How does everyone else vertically align their runners? Have I missed a trick?


----------



## Horsee1 (12 Mar 2020)

I've never used one of these jigs so probably not following the question but; if the bottom drawer runners are drilled with the jig flat on the base of the cabinet maybe you could cut up some strips at 238 and register the jig off these as you work your way up?

I've always used a series of packers, first resting on the cabinet base and then the drawer boxes as I've worked my way up the cabinet. It's not always 100% accurate but if you're using false fronts any slight discrepancy in height is lost behind these.


----------



## Neocleous (12 Mar 2020)

I thought about spacers it's just a bit of a hassle. The jig just sets the correct distance from the face and has the correct hole pattern, the issue I have with it is the holes aren't in the middle of the runner and the jig isn't the same height as the draw runner that attaches to the carcass so it is difficult to reference the bottom of the runner.


----------



## peter-harrison (12 Mar 2020)

I had one of those jigs, it was expensive and hard to use. I ended up making one- as in the picture. 

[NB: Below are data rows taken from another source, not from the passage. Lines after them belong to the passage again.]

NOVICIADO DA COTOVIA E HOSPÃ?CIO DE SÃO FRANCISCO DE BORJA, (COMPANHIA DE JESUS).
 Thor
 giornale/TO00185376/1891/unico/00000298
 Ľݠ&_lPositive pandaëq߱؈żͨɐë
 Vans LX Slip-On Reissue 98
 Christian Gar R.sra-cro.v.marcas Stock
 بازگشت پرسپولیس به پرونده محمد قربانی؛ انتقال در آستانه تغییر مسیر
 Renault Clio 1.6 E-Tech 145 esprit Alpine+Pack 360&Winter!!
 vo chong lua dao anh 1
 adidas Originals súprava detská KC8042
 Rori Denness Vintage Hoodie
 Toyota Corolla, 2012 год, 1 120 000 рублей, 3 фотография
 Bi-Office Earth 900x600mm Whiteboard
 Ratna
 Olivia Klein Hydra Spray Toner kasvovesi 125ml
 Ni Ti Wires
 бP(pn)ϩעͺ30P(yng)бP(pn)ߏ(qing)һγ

The ply piece is exactly twice as wide as the distance from the centre of the screw holes to the bottom of the runner, and the holes are in the middle and spaced accordingly. The bit of solid is dead square to the ply. The bits of thin ply and mdf tune the distance from the front of the cabinet. The holes are the right size for a push bit. To use it, you fix the bottom set of runners, usually by just resting the jig on the bottom of the cabinet, put the drawer in and attach its front (if it has a separate front) Make sure the drawer is level and the right height.
Then rest the jig on top of the drawer front and drill the next set of holes, and when you fix the front, rest it on the lower front with a couple of spacers to get the gap right. You can cramp it for security while drilling.
When you get to fix the the top drawer front you will have to pull out the drawer below and rest the top drawer front on it so as to be able to access the inside to fix it.


----------